%--------------------------------------------------------------------------
% File     : GRP004-0 : TPTP v2.5.0. Released v1.0.0.
% Domain   : Group Theory
% Axioms   : Group theory (equality) axioms
% Version  : [MOW76] (equality) axioms : 
%            Reduced > Complete.
% English  : 

% Refs     : [MOW76] McCharen et al. (1976), Problems and Experiments for a
%          : [Wos88] Wos (1988), Automated Reasoning - 33 Basic Research Pr
% Source   : [ANL]
% Names    : 

% Status   : 
% Syntax   : Number of clauses    :    6 (   0 non-Horn;   3 unit;   1 RR)
%            Number of literals   :    9 (   9 equality)
%            Maximal clause size  :    2 (   1 average)
%            Number of predicates :    1 (   0 propositional; 2-2 arity)
%            Number of functors   :    3 (   1 constant; 0-2 arity)
%            Number of variables  :   13 (   0 singleton)
%            Maximal term depth   :    3 (   1 average)

% Comments : Requires EQU001-0.ax
%          : [MOW76] also contains redundant right_identity and
%            right_inverse axioms.
%          : Substitution axioms, missing from the [MOW76] presentation due
%            to the use of paramodulation, have been added in here.
%          : These axioms are also used in [Wos88] p.186, also with
%            right_identity and right_inverse.
%--------------------------------------------------------------------------
%----For any x and y in the group x*y is also in the group. No clause 
%----is needed here since this is an instance of reflexivity 

%----There exists an identity element 
input_clause(left_identity,axiom,
    [++equal(multiply(identity,X),X)]).

%----For any x in the group, there exists an element y such that x*y = y*x 
%----= identity.
input_clause(left_inverse,axiom,
    [++equal(multiply(inverse(X),X),identity)]).
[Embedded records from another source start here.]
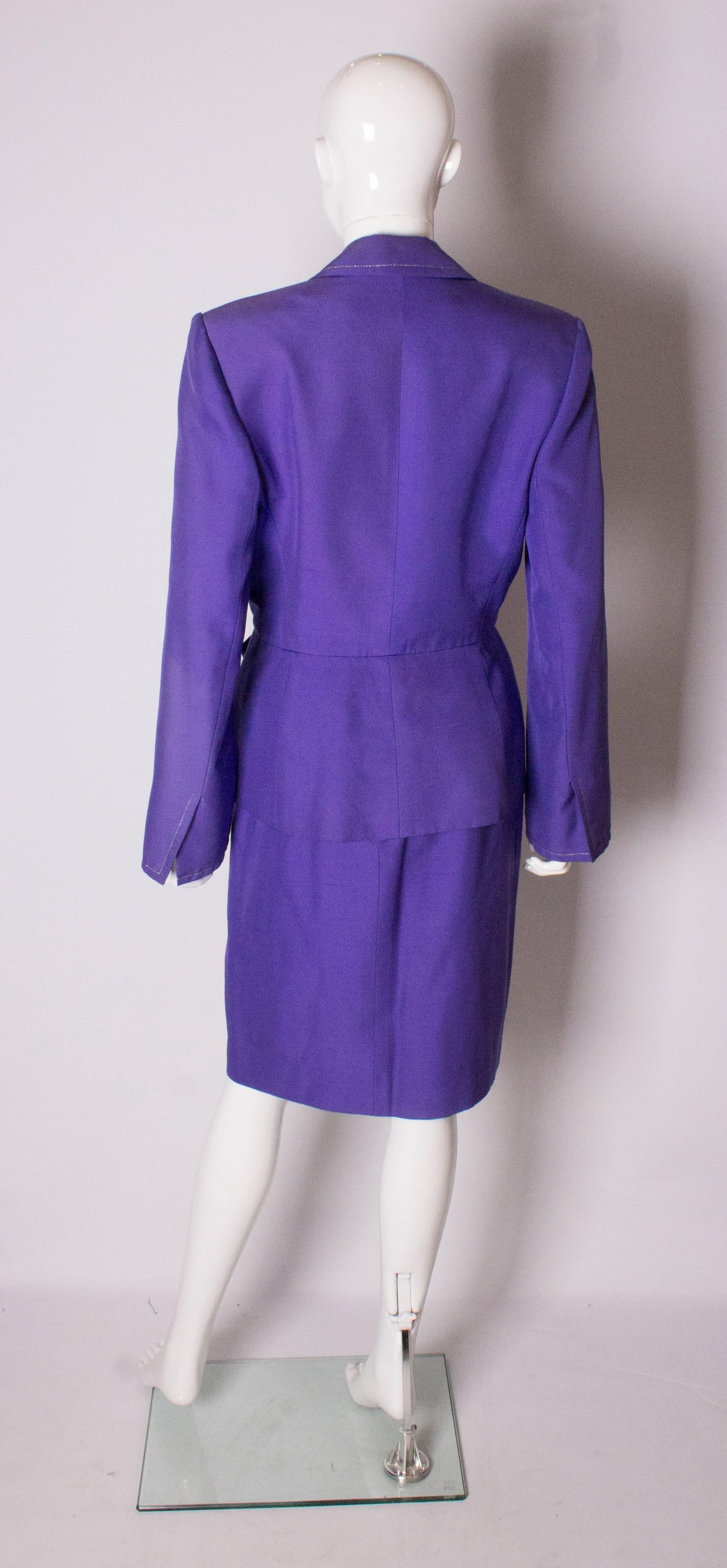 Purple Christian Dior Vintage Numbered Silk Suit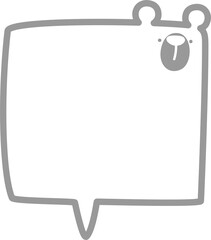 Fototapete - minimal doodle hand draw animal bear speech bubble balloon, icon sticker memo keyword planner text b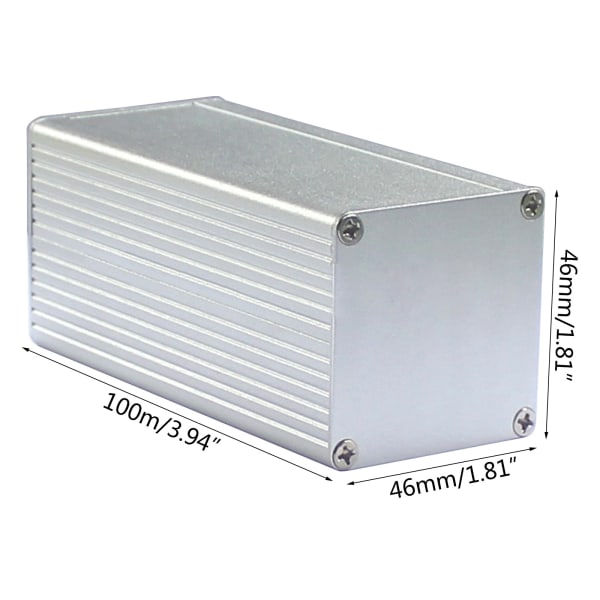 Gör-det-själv-aluminium för case Elektroniskt projekt PCB-instrumentlåda Metallkapslingslåda Elpanellådor 100x46x46mm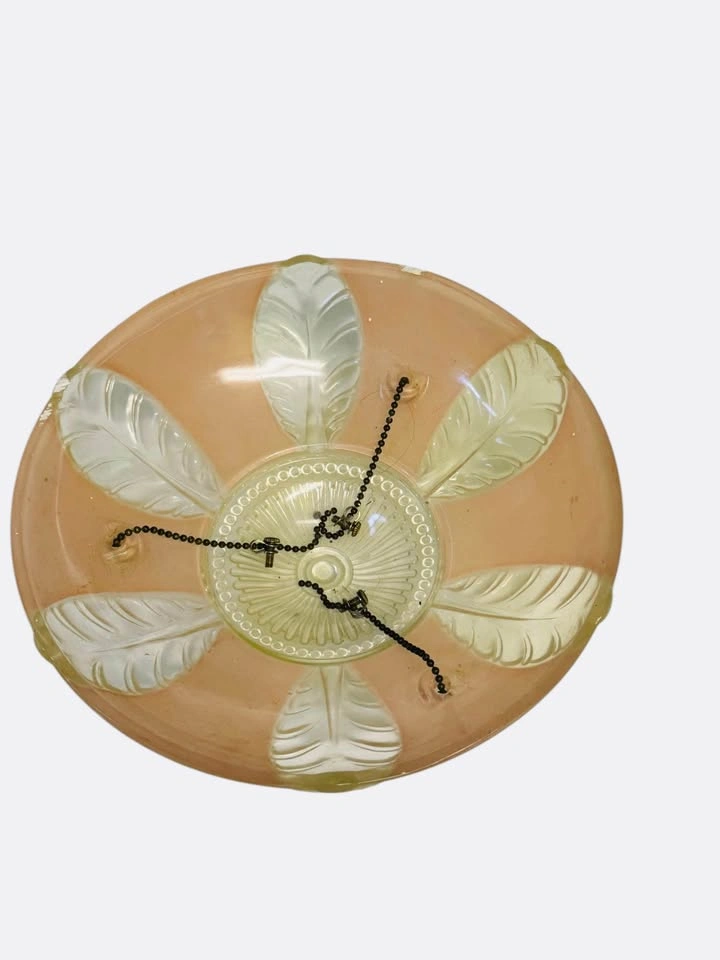 1930's Art Deco Pink Frosted Glass Ceiling Light Fixture Cover S - photo 2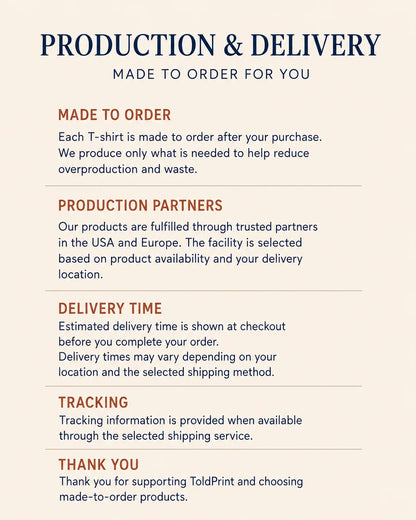 A text-based informational graphic on a light beige background with the heading 'PRODUCTION & DELIVERY' and several paragraphs explaining order customization, production partners, delivery time, tracking, and thanks to ToldPrint.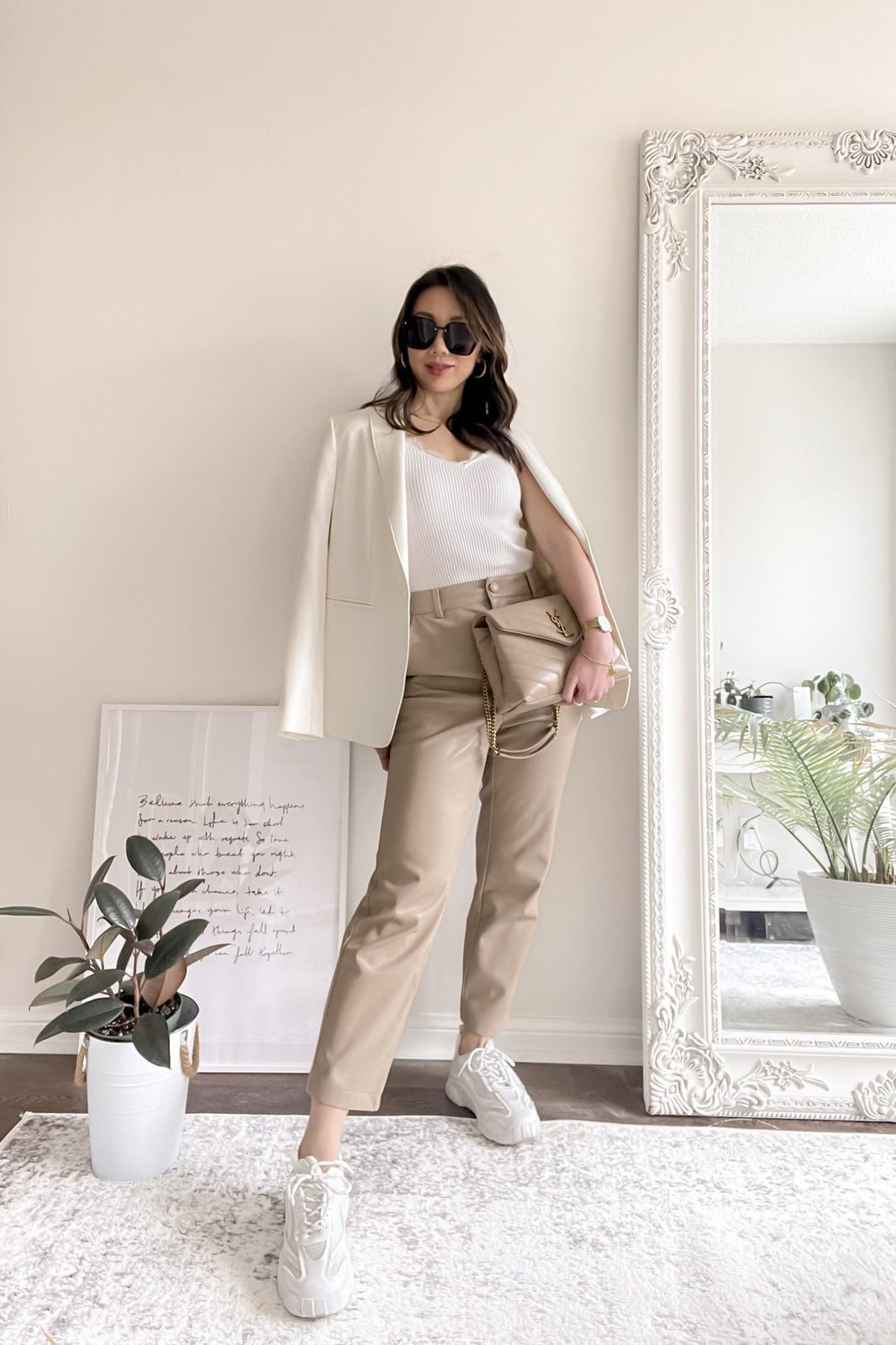 Cream Faux Leather Trousers with White Tank and Blazer Cream Faux Leather Trousers with White Tank and Blazer — Classy Neutral Outfits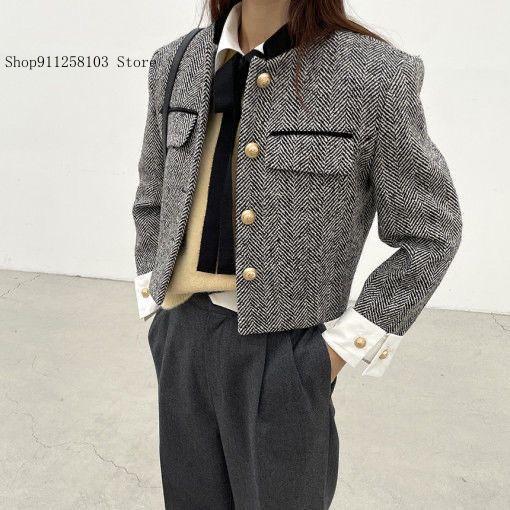 스탠드 칼라 프렌치 레트로 승마복 여성 봄 가을 숏 스 - Summer Equestrian Clothing 리뷰 및 가격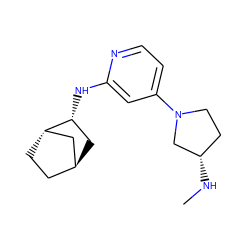 CN[C@H]1CCN(c2ccnc(N[C@@H]3C[C@H]4CC[C@H]3C4)c2)C1 ZINC000299870426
%----The operation '*' is associative 
input_clause(associativity,axiom,
    [++equal(multiply(multiply(X,Y),Z),multiply(X,multiply(Y,Z)))]).

%----Substitution axioms 
input_clause(inverse_substitution1,axiom,
    [--equal(A,B),
     ++equal(inverse(A),inverse(B))]).

input_clause(multiply_substitution1,axiom,
    [--equal(C,D),
     ++equal(multiply(C,E),multiply(D,E))]).

input_clause(multiply_substitution2,axiom,
    [--equal(F,G),
     ++equal(multiply(H,F),multiply(H,G))]).
%--------------------------------------------------------------------------